── EXERCISE INPUTS
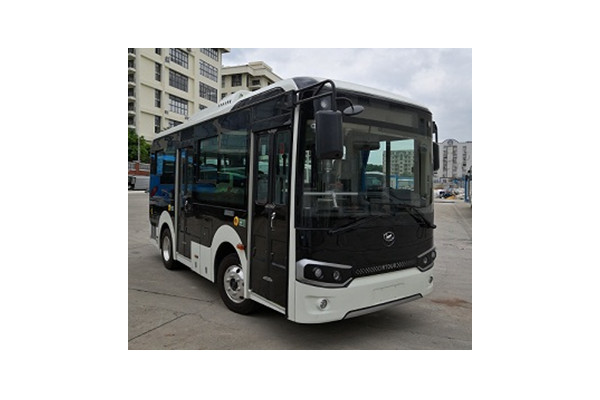 曉蘭HA6660BEVB2公交車(chē)（純電動(dòng)10-17座）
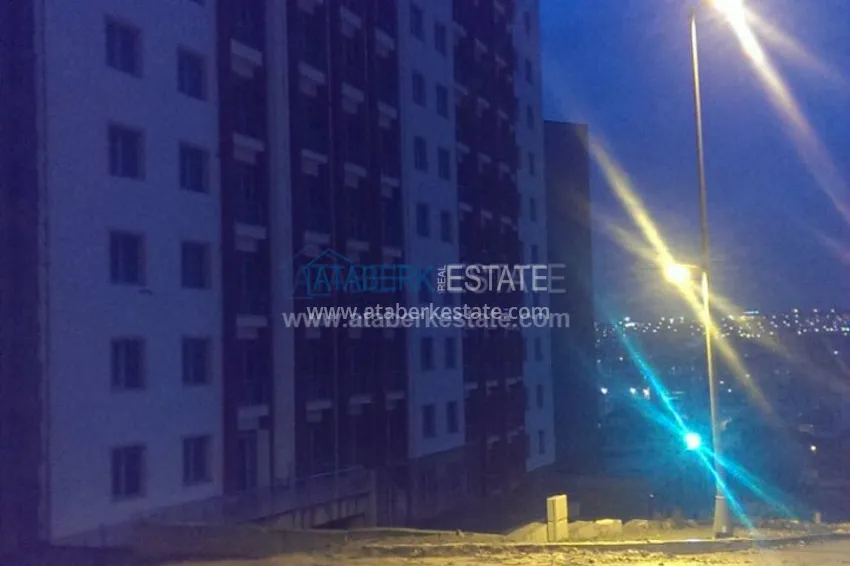 Комплекс в Стамбуле в районе Beylikduzu на завершающем  этапе строительства 27 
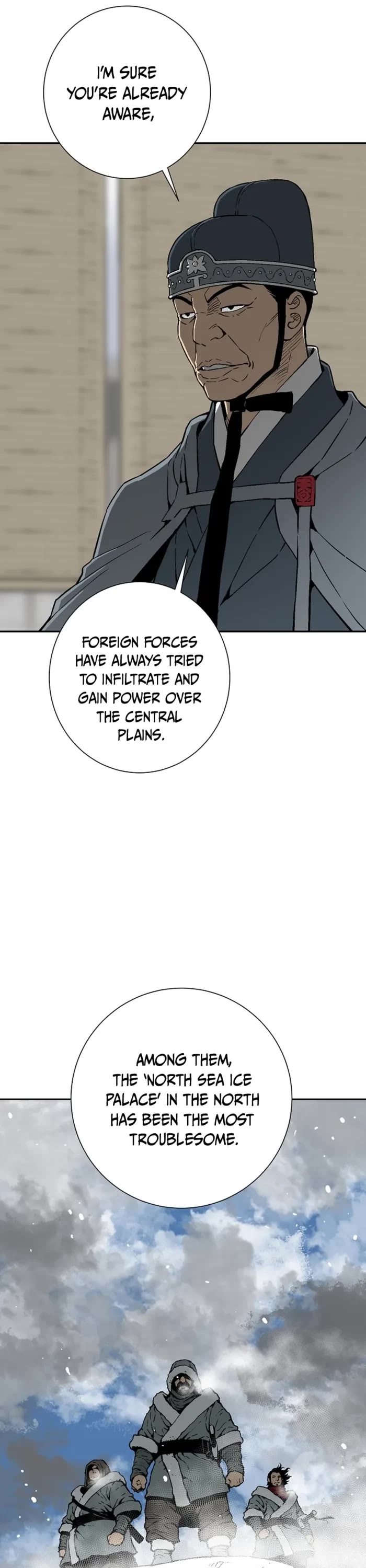 Moonlight Sword chapter 85 page 35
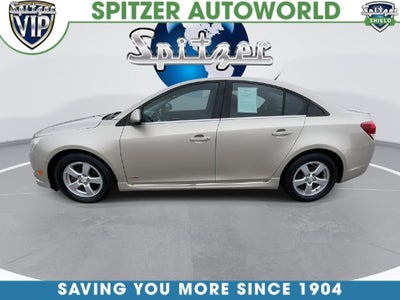 2014 Chevrolet Cruze 1LT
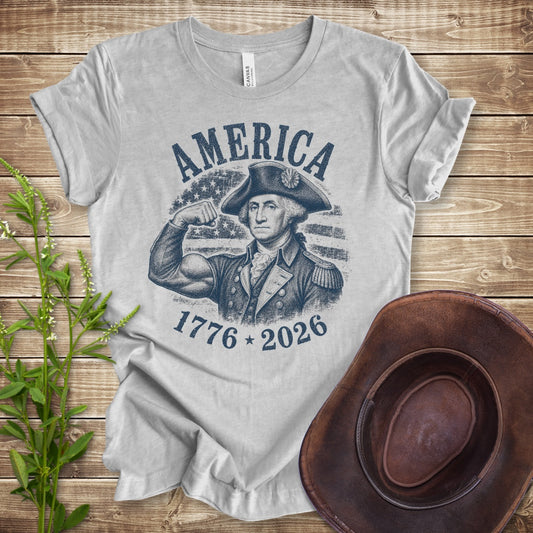 America Flex - Athletic Heather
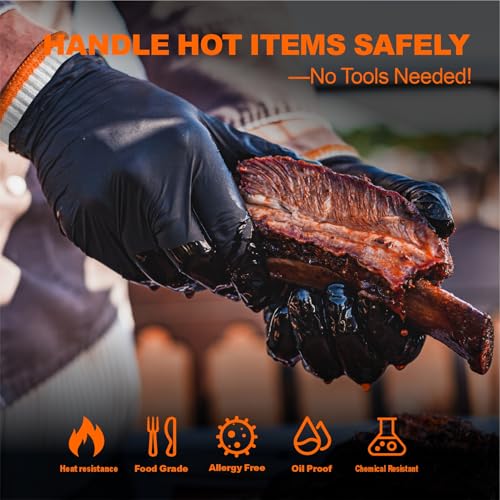 BBQ Gloves Disposable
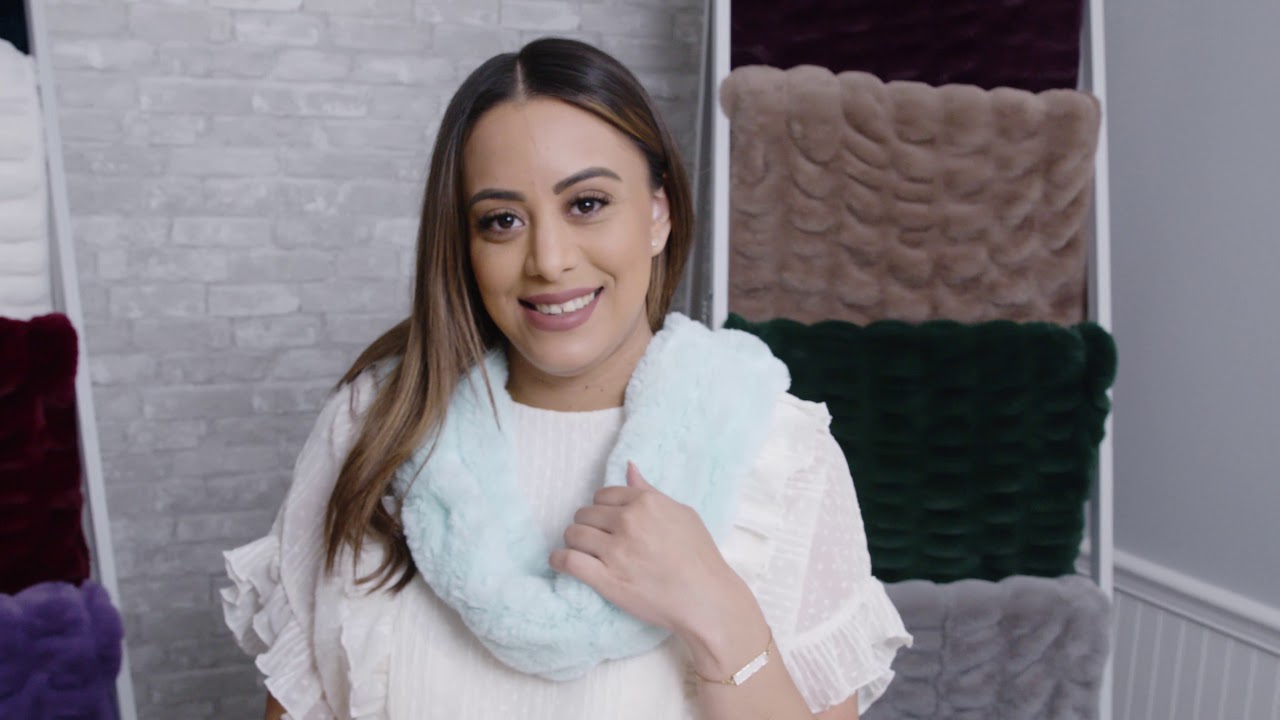 Luxe Cuddle® Milan Minky Plush Fabric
────
- WHAT IS EXPECTED
Each line from the one with "America Flex - Athletic Heather" to the last line of the listing should be returned exactly, both ends included, and no picture with them.

- OUTPUT OF THE EXERCISE
 America Flex - Athletic Heather
 BBQ Gloves Disposable
 Luxe Cuddle® Milan Minky Plush Fabric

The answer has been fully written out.